The United Auto Workers launched a strike Monday at a key General Motors Corp. assembly plant, halting production of one of GM's most profitable and popular models, GM said.
GM spokesman Dan Flores said the strike began Monday at the Fairfax, Kansas-based plant that makes the Chevrolet Malibu, a medium-sized sedan that was named “Car of the Year” at this year's North American International Auto Show in Detroit.
“We are certainly disappointed that UAW local 31 has taken this action. We remain focused on reaching an agreement,” Flores said.
Officials from UAW Local 31 were not available for comment but the Local's website cited an impasse over issues related to the seniority rights of individual employees and the use of subcontractors.
Mark LaNeve, vice president of GM North America Vehicle Sales, Service and Marketing, said last week that consumer demand for passenger cars such as the Malibu were picking up despite the weak US economy.
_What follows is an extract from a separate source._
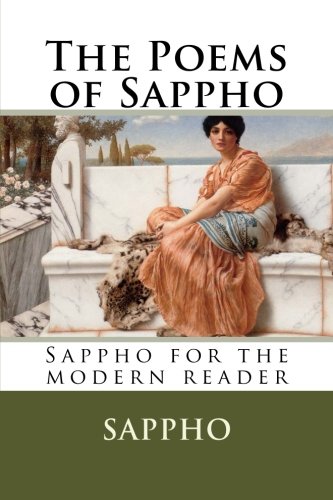 The Poems of Sappho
Chevrolet Malibu total sales were up 29 percent with retail sales up 147 percent, he added.
The Kansas strike is the latest work-stoppage to batter the largest US automaker, which has posted billions of dollars of losses amid sinking US auto market demand in a sluggish economy beset by higher energy and food price.
GM announced last week that it lost 3.3 billion dollars in the first quarter, due largely to one-time charges and North American losses.
Part of the loss was due to the company's labor woes, which include a strike at a key supplier, American Axle and Manufacturing Holdings Inc., where the UAW has been on strike since February 26.
A local strike in Lansing, Michigan, that began April 16 also has shut down production for more than two weeks at GM's newest assembly plant.
The strike at the Delta Township plant has halted production of the Buick Enclave, Saturn Outlook and GMC Acadia, crossover vehicles that are replacing more gasoline-inefficient sport-utility vehicles in the automaker's lineup.
Sean McAlinden, vice president of research at the Center For Automotive Research in Ann Arbor, Michigan, said GM had been trying to use the local negotiations to reduce staffing and to re-classify more jobs as “non-core,” which means GM can fill them with employees making half the standard contract wage of 29 dollars per hour.